Often times, when someone learns about the intensity that is camp, a myriad of questions arise. These range from, "Tell me more," to, "Why did you decide to work there?" Sometimes, people say things like, "That must be a really tough job," or "You are such an angel for those kids; you make a huge difference in those kids' lives; bless your heart for being so good to those children." I realize that most of the time, people are genuninely interested and really want to express their support for what we do whenever they say these things. However, I always feel a little tug at my innards whenever the comments make me feel as though the person has pitty on me, or even on the campers, for the situations in which we are faced. Sometimes, it's as if that person has placed me (and the counselors in general) on this pedastol for the job that we do, because it's something that many people don't understand or could not picture themselves doing. It is implied that the children are so lucky to have us in their lives, or to have people who are willing to care for them and provide a "normal" camp experience.
If anyone were to ask the campers or their parents about their camp experience, it is likely that many of them would say the counselors make a world of difference in their week at camp. However, my fellow counselors and I have had many discussions about how we are so grateful that parents are willing to trust us with the care of their children for a whole week; that is no easy task for them. We feel blessed to have the opportunity to work with some of the best kids on the face of this planet. We are the lucky ones. Every week, we develop such love and attachment to these kids that they may as well be our own--we think of them as OUR kids--and treat them as such. The life of a counselor is changed for all of eternity after just one summer at such a special place. We counselors beg and pine and dream for 9 months, looking forward to the following summer of reuniting with our kids, and the camp family that has woven itself so deeply into our hearts.

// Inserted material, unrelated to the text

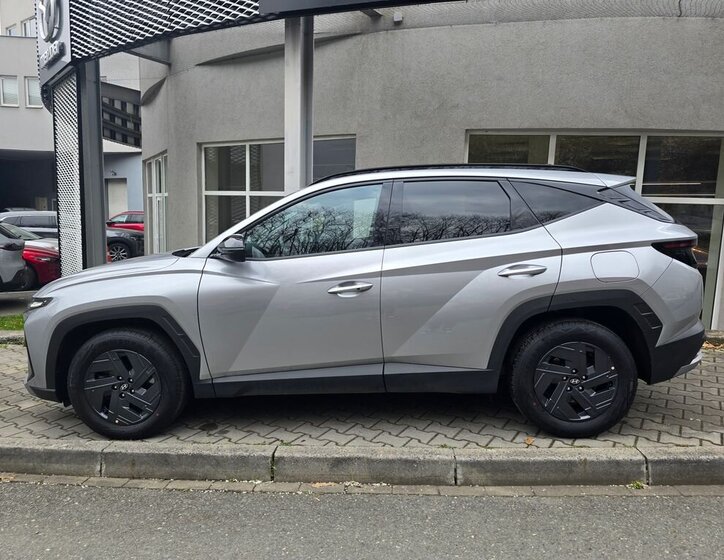 Hyundai Tucson SUV / Terénní 1,6 l 132 kw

So while I understand that when people make comments about how lucky campers are, they are truly just trying to show support for what we do, I wish they were able to understand that I am the one who is lucky here. I'm the one who benefits from having the privlege to work with such wonderful kids. I'm on the receiving end of the deal, no matter what people want to think.
In the grand scheme of things, I guess, it really is a full-circle sort of thing; everyone wins--the campers, their parents, aaand the camp staff. And people wonder what brings us back, year after year. Speaking of which, if anyone wants to develop a time machine that would set the calendar to be summertime all year round, please let me know. What I wouldn't give to live in the camp bubble forever...
Anyway, I apologize for such a long post. Please don't take it as though I wrote this rant in a bad mood or with negative feelings; I know some of it probably comes off that way. What I really mean with all of this is that there were some thoughts weighing on my mind that I really needed to get out. None of what I wrote is a personal attack against anyone in particular, so if you happen to fit the bill for anything mentioned in my rants, please don't think it's my passive-aggressiveness trying to call you out. Blogs are for expression, and I did just that.
With that all being said, I plan to refrain from making this an "all things camp" blog for a while. Maybe I'll ressurect the subject again in a few months, when I'm feeling particularly sad about missing camp. For now though, start to expect some more current topics, such as this fresh new year of grad school and all things North Carolinian. It's already shaping up to be an interesting one, so I hope everyone stays tuned!
And I guess your final installment of summer reading fell perfectly on Labor Day weekend. Congratulations, it's officially time to celebrate the Fall season! Yay!
PS: Reflecting on my rants (while trying to think of a title for this entry), I am reminded of song by Jessica Andrews, "They are the Roses." Check it out; you'll see why.